«10 апреля – это, пожалуй, второй, после 9 Мая, для меня праздник. Я не помню той войны в силу естественных причин, как и не помню 10 апреля 1944 г. День, когда освободили Одессу. Но я очень хорошо помню людей, побывавших на той войне. Людей, как близких моей семье или бывших моей семьей, так и просто знакомых, соседей или родственников моих друзей. Очень хорошо помню 9 мая 1975 года. Тридцать лет Победы. Впервые попал под амнистию как малолетка. И помню парад ветеранов. Я шел в их колонне вместе с мужем бабушкиной сестры. Дядя Петя Голов – танкист– наводчик. У него были руки, лицо и шея красно-бело-розового цвета. На Курской дуге, в горящей тридцатьчетверке он таранил немецкие тигры. Их было очень много, этих обгоревших танкистов. Особенно возле клиники Филатова на Французcком бульваре. Мой дед, по материнской линии Келлер Йосиф Мартинович, стопроцентный ариец. Из рода немецких колонистов, прибывших в Одессу по приглашению Екатерины II буквально через несколько лет после основания нашего города. Мой дед был непризывной как немец, да и зрение было ни к черту. Потомственный интеллигент, агроном-виноградарь работал в институте им. Таирова на Сухом лимане. Но в одесское ополчение каким-то чудом записался переводчиком. В первом же бою под Татаркой «подхватил» штыком в бедро и плечо. Но умудрился своим виноградарским ножом зарезать двух румын. Выжил, пережил оккупацию, вместе с братьями прятал еврейских детей. В 1946 получил 10 лет лагерей. Умер в лагере под Красноярском в 1952-м, полгода не дожив до амнистии. Мой дед по отцовской линии, чеченец, выпускник одесского кадетского училища, шел по делу «Червоного казачества» Виталия Примакова и Юрия Коцюбинского. Четвертушник (25 лет лагерей, без права переписки). Прямо с лесосеки под Верхоянском ушел на фронт в феврале 1942 г. Воевал в конном корпусе «красного казака» Исы Плиева. Дошел до Праги, войну закончил в Манчьжурии.

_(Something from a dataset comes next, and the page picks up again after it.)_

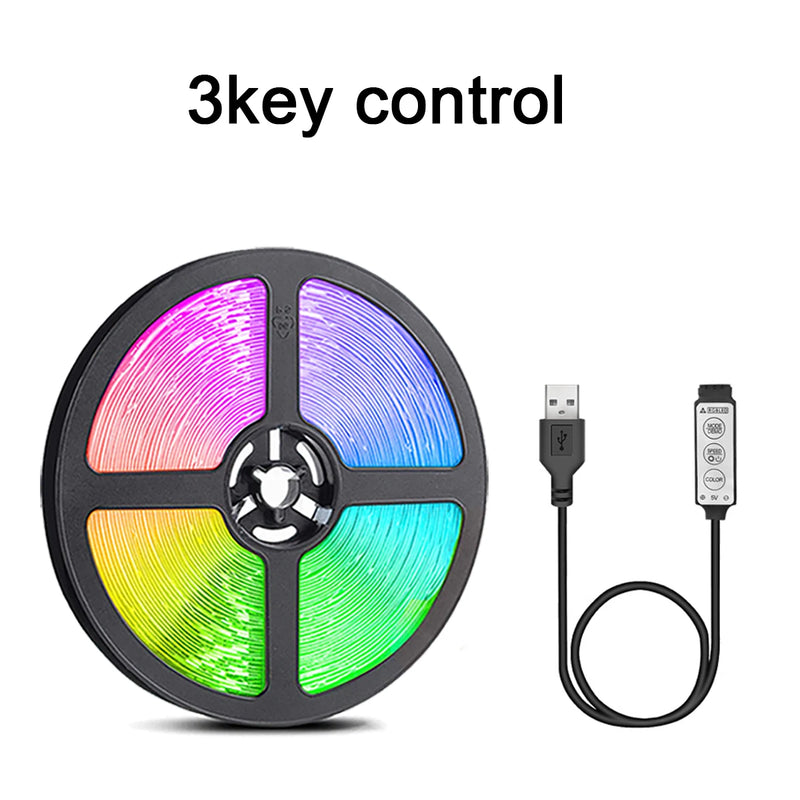 LED strip for TV with 3 keys and USB 5V control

Я хорошо помню Сеню Шмускиса с Костецкой. Разведчик из полка Александра Матросова. Маленький, худой, крикливый и вечно подшофе.

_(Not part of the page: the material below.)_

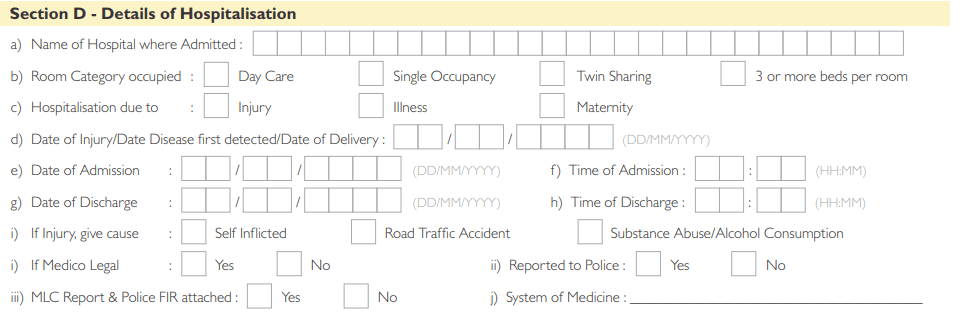 details of the hospital in claims form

9 мая левая половина его пиджака просто волоклась по земле под тяжестью медалей. Я помню брата моей бабушки, пересыпского татарина Степу Бидичева, потерявшего руку при форсировании Одера. Я помню друзей-однополчан, разведчиков, грузина Резо Одноногого и азербайджанца Алима Одноглазого. Я помню безногого дядю Пашу Цыгана, сапожника с Куйбышева. Он катался на маленькой деревянной платформе, с подшипниками вместо колес. Сапер, потерял ноги, подорвавшись на мине уже после войны. Отец моего старшего товарища, вора-рецидивиста Сани Макара, сгинувшего где-то в мордовском лагере. Летчик-истребитель дядя Петя Макаров, когда напивался, шел на таран. Шел на таран на велосипеде, самолета уже не было. Таранил трансформаторную будку, на ней был изображен череп с костями, что-то ассоциировалось у него с этим рисунком. И когда мы, пацаны, после очередного тарана тащили его окровавленного домой – это ни у кого не вызывало смеха или улыбки. И жена его, бывшая медсестра тетя Клава, молча начинала обрабатывать раны. И на исхудалых и жилистых ее руках отчетливо читалась наколка ФПЖ (фронтовая походная жена). Я помню их всех. И точно знаю, что у всех этих людей никогда не было дилеммы, кто они по национальности. Они все были ОДЕССИТАМИ. И Родина их была ОДЕССА. И память о них для меня таки шо-то значит. И значит, я опять 10 апреля пойду к памятнику Неизвестному матросу. И опять надену георгиевскую ленточку.